Avant de commencer, il me parait important de préciser la raison d'exister de cet énième blog de critiques:
Depuis quelques mois, je travaille bénévolement dans une bibliothèque de village, où le fond de ce qu'on appelle “les lectures de l'imaginaire” n'arrive pas à sortir aussi régulièrement que l'équipe le souhaiterait. Comme il s'agit pratiquement des seuls genres d'ouvrages que j'emprunte en bibliothèque, je me suis dit: “Pourquoi ne pas faire des notes du style ‘coup de cœur des bénévoles’ sur les livres de Fantasy et de SF, pour encourager les gens à les emprunter?”. L'idée a été validée, mais il reste un problème: je n'ai encore jamais écrit ce genre de notes.
Pour dire la vérité, je trouve ce procédé assez frustrant, car il s'agit simplement de “faire vendre”, ce qui ne laisse pas beaucoup de place aux avis constructifs. On veut faire sortir le fond, alors il faut dire que c'est bien.

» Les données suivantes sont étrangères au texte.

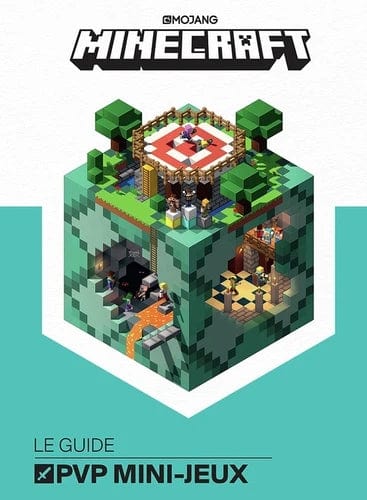 Minecraft -  le guide PVP mini-jeux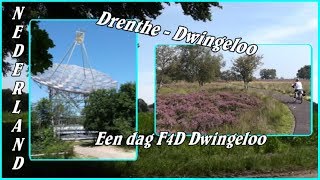 Drenthe  Fiets4daagse Dwingeloo [upl. by Ettenauq37]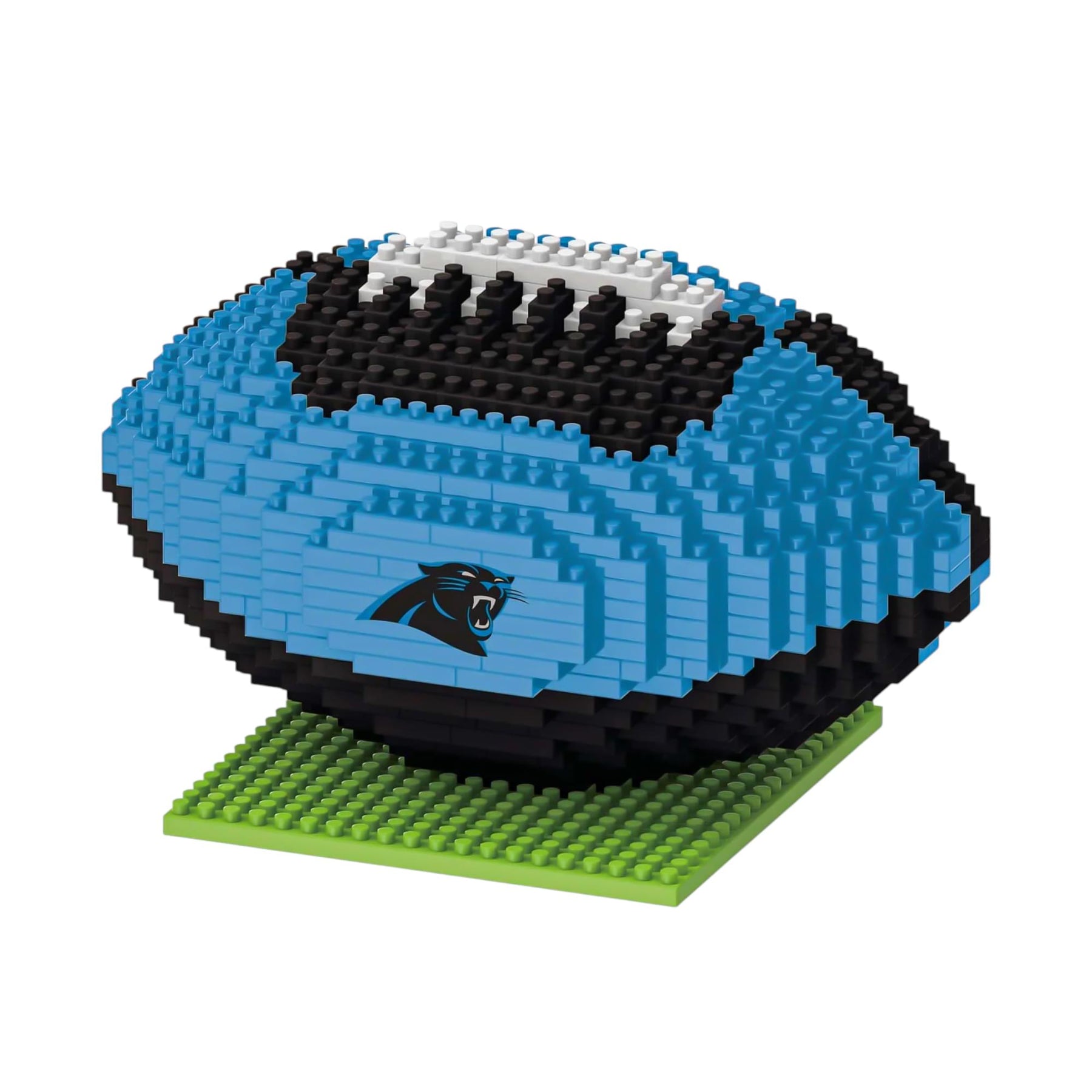 Carolina Panthers NFL BRXLZ Football 704-Piece Building Block Set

Je me suis dit que ça serait une meilleure solution d'essayer d'écrire une critique au préalable, histoire de pouvoir au moins définir les aspects positifs de l'ouvrage qui pourront intéresser certains lecteurs. Le but ultime étant de faire découvrir à des gens qui ne seraient pas familier avec les lectures de l'imaginaire des univers à mille lieues de ce à quoi ils étaient habitués jusqu'à lors.

Bref, passons aux choses concrètes:

Depuis toute jeune, je suis une grande admiratrice de Terry Pratchett. Comme Terry Gilliam, il a été le grand père que je n'ai jamais eu. J'ai dévoré la série du Disquemonde (pas tous les livres, mais ça ne saurait tarder), en pensant d'abord qu'il s'agissait de simples parodies, mais au final, ces livres apportent une profondeur rarement égalée dans les sagas de fantasy. Comme quoi, l'humour peut aussi aider à faire comprendre des sujets compliqués et graves au lieu de les minimiser.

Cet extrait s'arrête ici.